Morgan Stanley stated that if the Chinese government announces more spending measures in the coming weeks, the Chinese stock market could rise by an additional 10% to 15%.

UBS Global Financial Markets Head of China, Fang Zhuming, said that under the impetus of recent strong policy signals, market expectations have changed significantly, and investor confidence has been significantly restored. The implementation of macro policies, whether there will be further reinforcement, and the efforts on the fiscal side have become the focus of foreign capital. Fang Zhuming believes that the key next step is to follow up on the fundamentals. In addition to the implementation and stability of existing policies, it is important to introduce new policies and continue to effectively convey positive signals.

Policies that cannot be measured by numbers

At the press conference of the National Development and Reform Commission, there is another term that should not be overlooked, that is, the development environment of the private economy.The press conference did not shy away from the prominent issues raised by entrepreneurs regarding "unauthorized cross-regional law enforcement" and "law enforcement for profit," but clearly stated that "supervision will be carried out when necessary."

In the afternoon of the same day, Premier Li Qiang of the State Council presided over a symposium with experts and entrepreneurs on the economic situation. At the meeting, Li Qiang emphasized that the key to stabilizing the economy is to stabilize enterprises. This symposium further demonstrated the central government's attitude of "facing difficulties head-on, actively responding, effectively resolving prominent issues in economic operations, paying attention to market voices and social concerns when formulating and implementing policies, and continuously boosting confidence in development."

Subsequently, on October 10th, the Ministry of Justice and the National Development and Reform Commission published the "Private Economy Promotion Law (Draft for Comments)" on their websites, openly soliciting opinions from society.
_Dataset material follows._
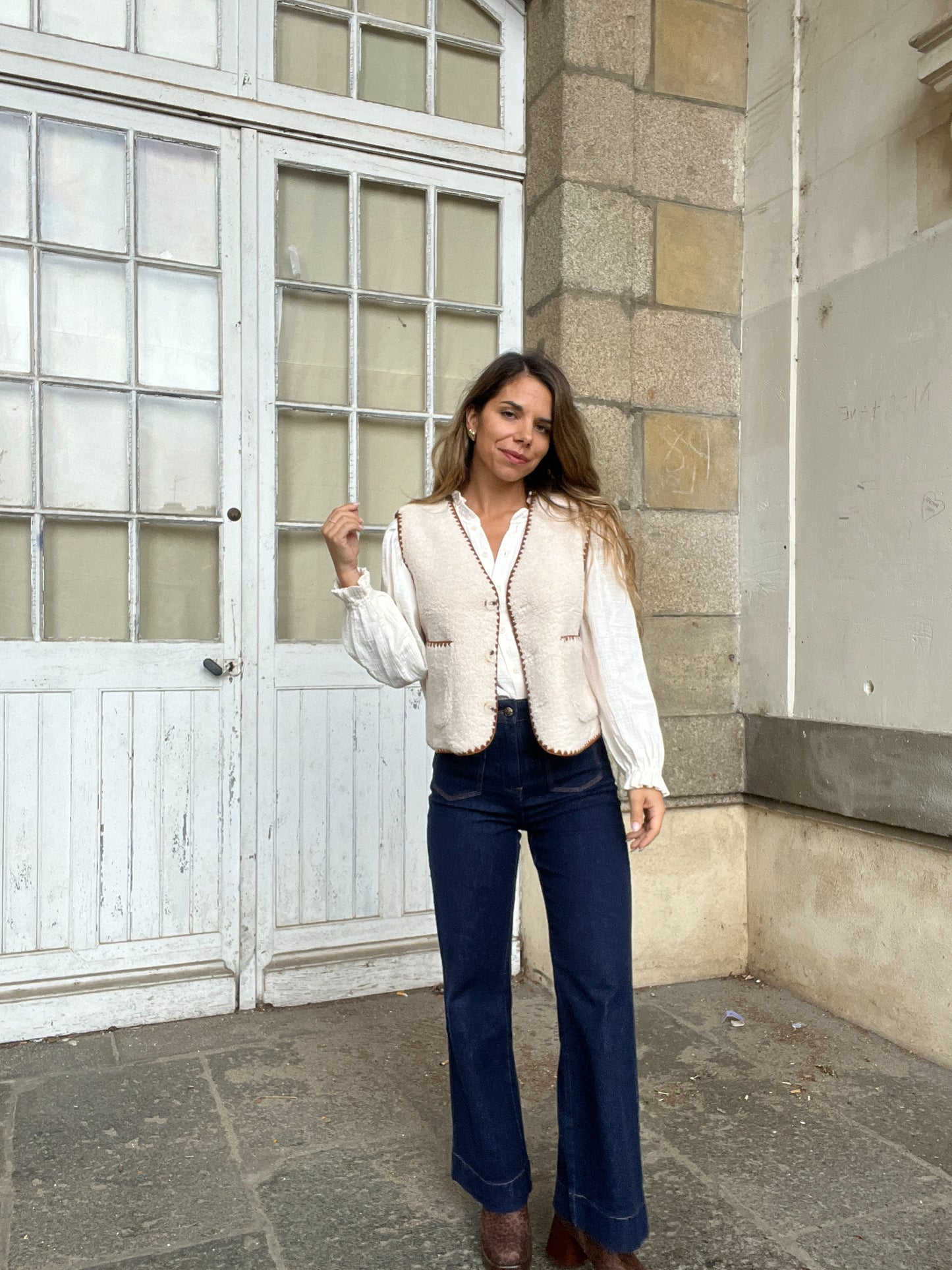 Gilet berger Perrine camel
"Some policies can directly leverage huge funds, while others, although not involving investment, are invaluable," said Dong Yu, indicating that the introduction of the Private Economy Promotion Law is of no less significance to the economy than "X trillion."
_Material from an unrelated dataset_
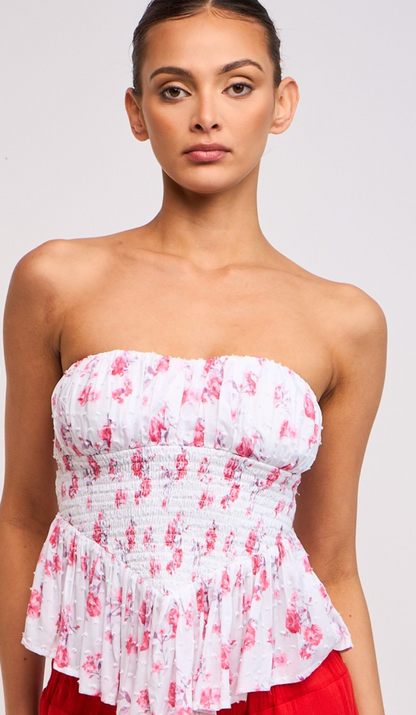 Strapless Pink Floral Top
Guo Liyan, a researcher at the China Macroeconomic Research Institute, stated that the actual "increment" can also be an "increase in quality," further regulating the administrative law enforcement behavior of administrative law enforcement units involving enterprises. This policy is difficult to quantify, but its role in economic and social development is very significant. From a "quality" perspective, it represents a significant advancement.
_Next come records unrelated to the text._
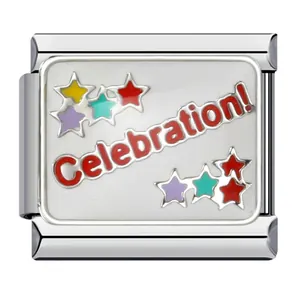 Close-up of Italian charm with red Celebration text and colorful stars.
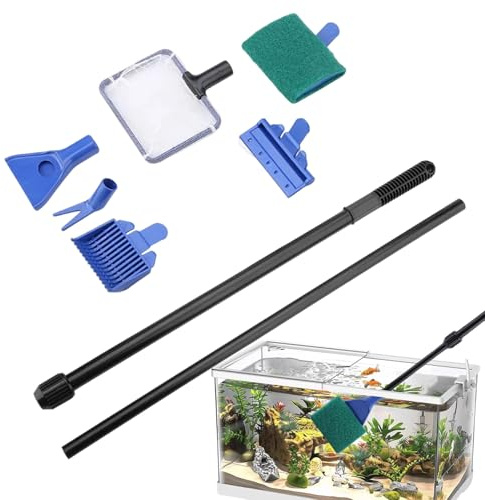 Akvarie Rengöringsverktyg - Teleskopiskt handtag skrubberset | Rengöringssats för akvarieväxter,För sköldpaddor, reptiler, kampfiskar, alger, väggar, &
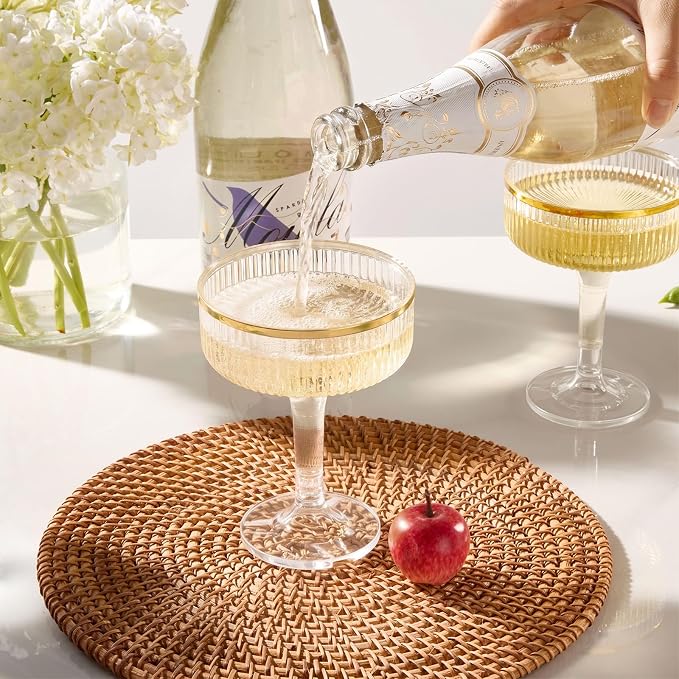 Goodluck 4-Tier Champagne Tower Glasses - 20 PCS 7oz Clear Plastic Champagne Flutes, Plastic Coupe Glasses with Vertical Stripes for Weddings, Celebrations, Parties & Birthdays(Gold Rim)
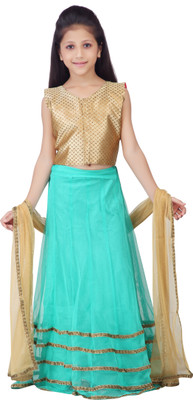 

Kay Girls Lehenga Choli Ethnic Wear Self Design Lehenga, Choli and Dupatta Set(Multicolor, Pack of 1), Blue & gold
Ren Zeping, a renowned economist, posted on social media that if confidence in the private economy is boosted, the current large-scale economic stimulus policies can have a multiplier effect, and government investment can drive greater private investment, achieving a small force moving a great weight. Ren Zeping analyzed that the private economy is the source of market economic vitality, contributing "56789," which means the private economy contributes more than 50% of China's tax revenue, over 60% of GDP, over 70% of technological innovation achievements, over 80% of urban labor employment, and over 90% of the number of enterprises.

"With vitality, confidence, and active investment in the private economy, China's economy can bottom out and recover, and employment, finance, innovation, and other aspects can improve accordingly, and stock market prosperity and real estate market stabilization can be achieved," said Ren Zeping.

The financial sector press conference on September 24th sounded the clarion call for this round of regulation, the Central Political Bureau meeting on September 26th issued a general mobilization order, the State Council executive meeting on September 29th made systematic arrangements, and the National Development and Reform Commission press conference on October 8th introduced a package of policies. Dong Yu stated, "It can be clearly said that this is just the beginning, a general signal sent by the central government in economic work, and subsequently, we will definitely see various departments introducing policies conducive to the economic recovery and improvement in accordance with their responsibilities."